Work to complete: Set down again exactly the lines of the listing below that fall between the line holding "Brook’s Levitate 2 LE blush" and the line holding "Die Dieselstraße (Mitte)", inclusive.

Records for processing:
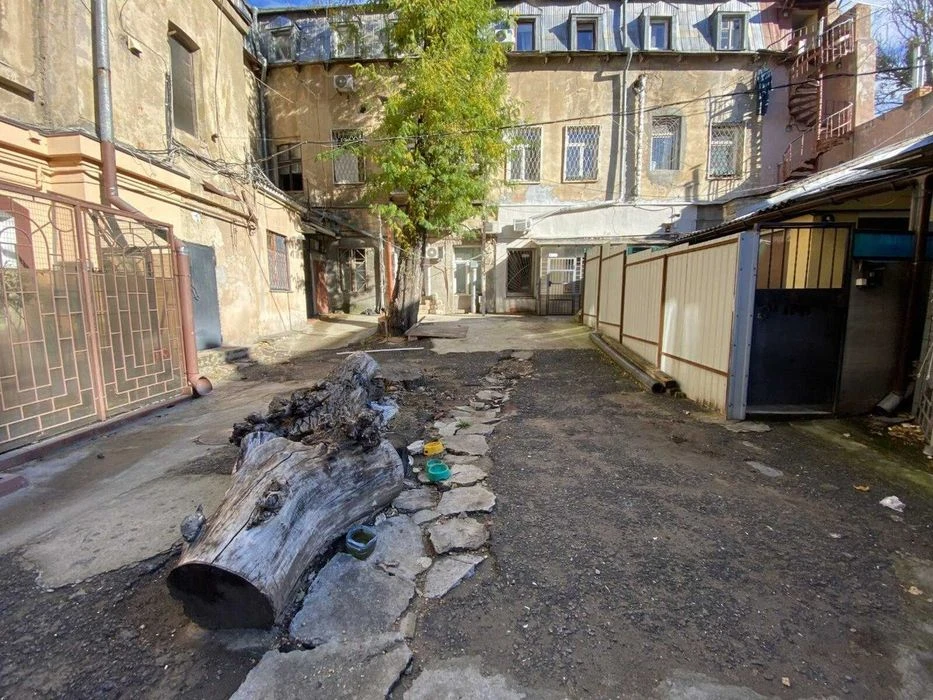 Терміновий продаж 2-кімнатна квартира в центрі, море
...
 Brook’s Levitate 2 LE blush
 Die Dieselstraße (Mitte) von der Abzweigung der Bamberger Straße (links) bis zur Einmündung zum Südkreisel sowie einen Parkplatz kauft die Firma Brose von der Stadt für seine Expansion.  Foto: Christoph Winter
--
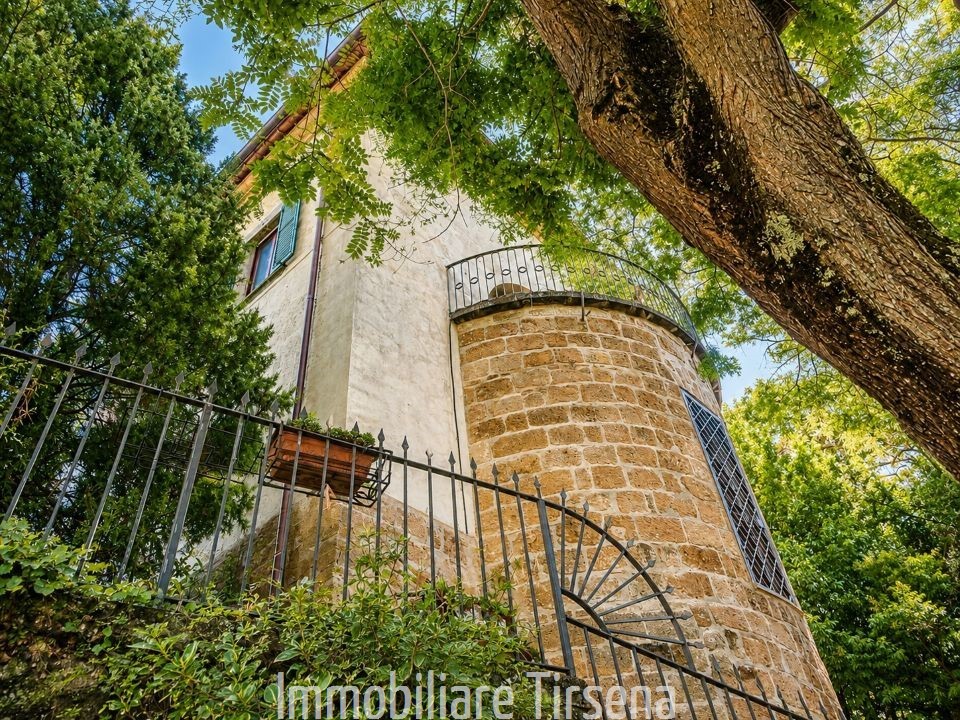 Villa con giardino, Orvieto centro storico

Task answer:
 Brook’s Levitate 2 LE blush
 Die Dieselstraße (Mitte) von der Abzweigung der Bamberger Straße (links) bis zur Einmündung zum Südkreisel sowie einen Parkplatz kauft die Firma Brose von der Stadt für seine Expansion.  Foto: Christoph Winter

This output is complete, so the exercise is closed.